▸ **Work item**
Only the lines of the data below from the one with "Rachael Ray CUCINA" through the one with "Charcoal Heather leggins" are wanted. Repeat them exactly.

▸ **Stored data**
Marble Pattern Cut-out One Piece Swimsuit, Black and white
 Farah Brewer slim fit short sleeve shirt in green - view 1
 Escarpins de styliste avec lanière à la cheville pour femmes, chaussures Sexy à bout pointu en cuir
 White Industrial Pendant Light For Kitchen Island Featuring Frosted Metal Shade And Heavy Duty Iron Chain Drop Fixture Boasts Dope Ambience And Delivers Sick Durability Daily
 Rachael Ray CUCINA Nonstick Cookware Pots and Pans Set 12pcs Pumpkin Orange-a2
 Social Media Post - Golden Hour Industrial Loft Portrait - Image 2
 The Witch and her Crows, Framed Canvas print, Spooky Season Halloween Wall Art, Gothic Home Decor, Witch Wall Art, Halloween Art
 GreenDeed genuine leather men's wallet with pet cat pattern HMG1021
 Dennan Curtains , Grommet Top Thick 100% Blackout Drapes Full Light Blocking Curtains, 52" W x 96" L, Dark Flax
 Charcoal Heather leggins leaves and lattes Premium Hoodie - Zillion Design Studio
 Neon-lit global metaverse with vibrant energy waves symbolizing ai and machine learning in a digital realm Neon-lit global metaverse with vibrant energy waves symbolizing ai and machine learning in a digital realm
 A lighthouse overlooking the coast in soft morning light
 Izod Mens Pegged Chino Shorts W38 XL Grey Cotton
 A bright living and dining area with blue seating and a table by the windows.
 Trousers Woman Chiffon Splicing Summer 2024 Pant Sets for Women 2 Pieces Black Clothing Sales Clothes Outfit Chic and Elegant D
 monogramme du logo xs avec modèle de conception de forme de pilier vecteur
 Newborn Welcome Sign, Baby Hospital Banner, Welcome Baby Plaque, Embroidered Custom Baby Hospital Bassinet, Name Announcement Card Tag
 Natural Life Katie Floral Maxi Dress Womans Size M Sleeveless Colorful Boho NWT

▸ **Task solution**
 Rachael Ray CUCINA Nonstick Cookware Pots and Pans Set 12pcs Pumpkin Orange-a2
 Social Media Post - Golden Hour Industrial Loft Portrait - Image 2
 The Witch and her Crows, Framed Canvas print, Spooky Season Halloween Wall Art, Gothic Home Decor, Witch Wall Art, Halloween Art
 GreenDeed genuine leather men's wallet with pet cat pattern HMG1021
 Dennan Curtains , Grommet Top Thick 100% Blackout Drapes Full Light Blocking Curtains, 52" W x 96" L, Dark Flax
 Charcoal Heather leggins leaves and lattes Premium Hoodie - Zillion Design Studio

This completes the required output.